Input data:
+++

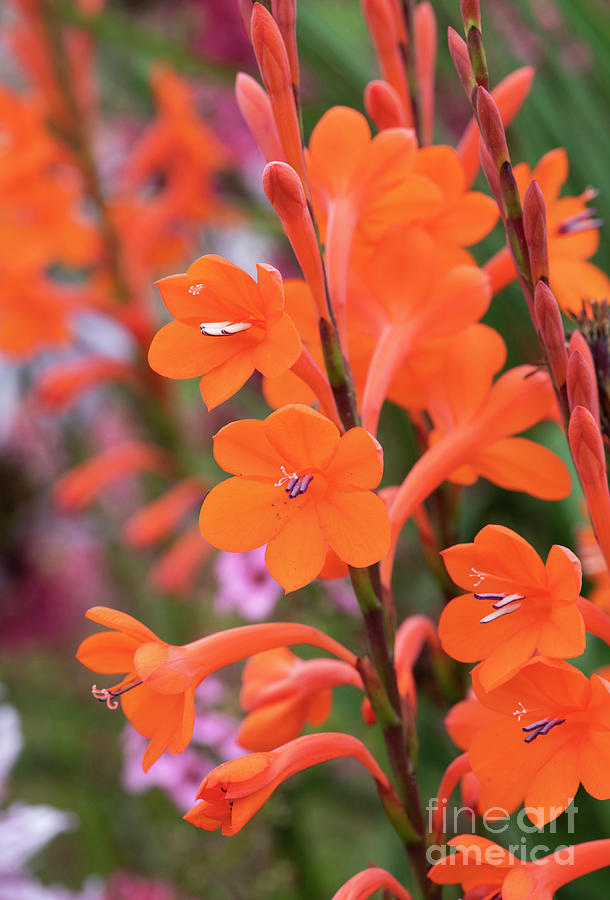 Beatrice Watsonia Flowers Photograph by Tim Gainey
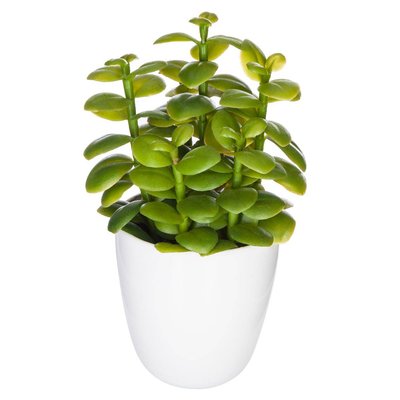 Plante succulente & cactus ATMOSPHERA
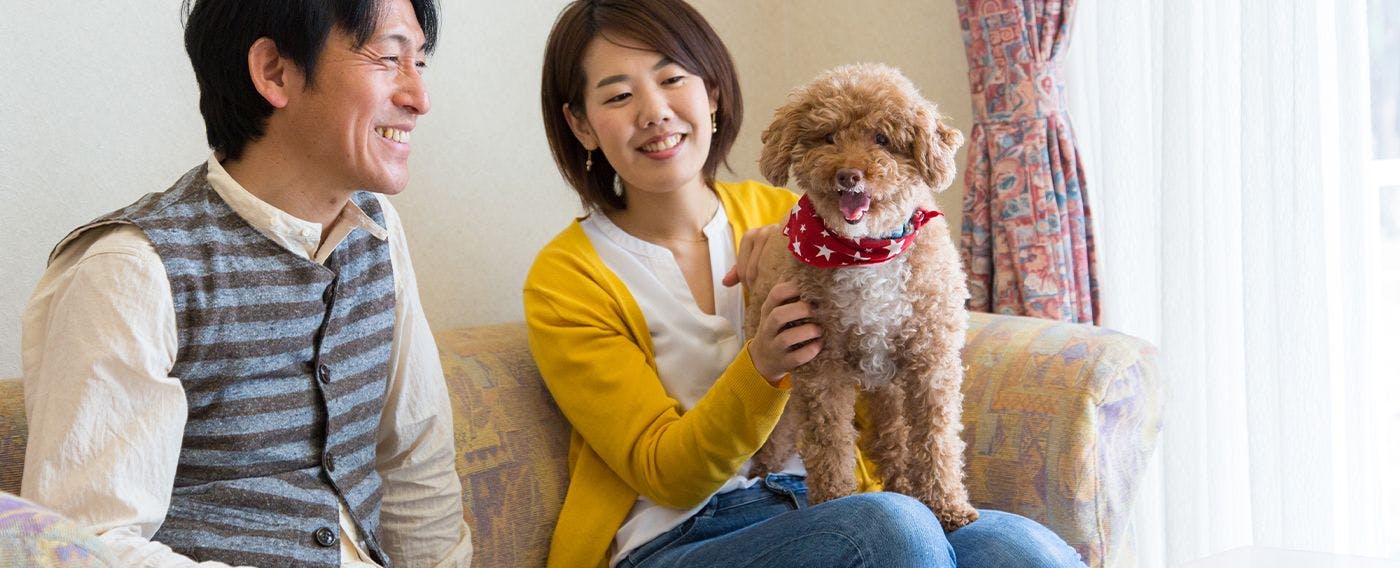 Imej Penginapan Bersama Haiwan Peliharaan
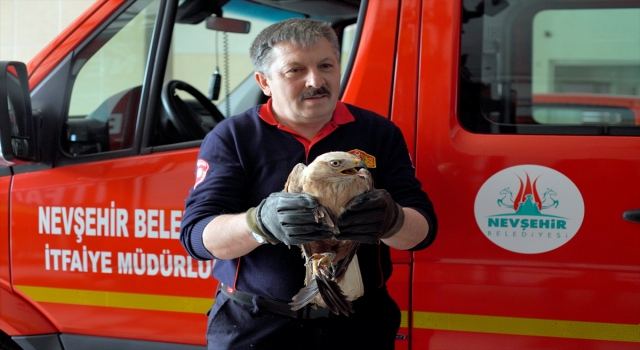 Nevşehir’de binanın havalandırma boşluğuna sıkışan şahin itfaiye ekiplerince kurtarıldı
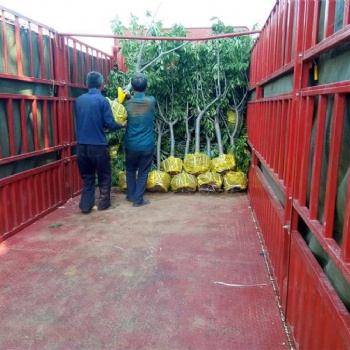 河北櫻桃苗 石家莊櫻桃苗 贊皇櫻桃苗 鮑家灘櫻桃苗 保定櫻桃苗 滿山紅櫻桃苗批發(fā)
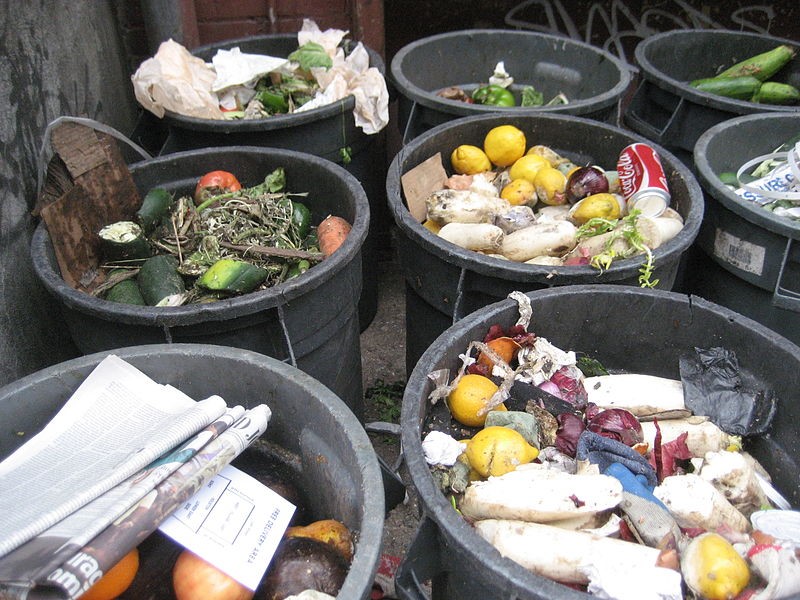 food waste in trash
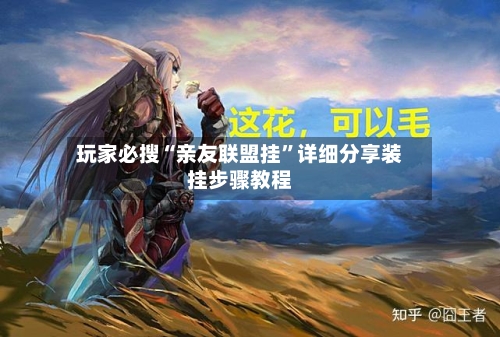 玩家必搜“亲友联盟挂”详细分享装挂步骤教程-第2张图片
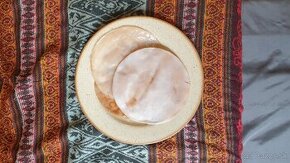 Kombucha scoby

+++

Assignment:
Leave the pictures out and print every record exactly.

Solution for this problem:
 Beatrice Watsonia Flowers Photograph by Tim Gainey
 Plante succulente & cactus ATMOSPHERA
 Imej Penginapan Bersama Haiwan Peliharaan
 Nevşehir’de binanın havalandırma boşluğuna sıkışan şahin itfaiye ekiplerince kurtarıldı
 河北櫻桃苗 石家莊櫻桃苗 贊皇櫻桃苗 鮑家灘櫻桃苗 保定櫻桃苗 滿山紅櫻桃苗批發(fā)
 food waste in trash
 玩家必搜“亲友联盟挂”详细分享装挂步骤教程-第2张图片
 Kombucha scoby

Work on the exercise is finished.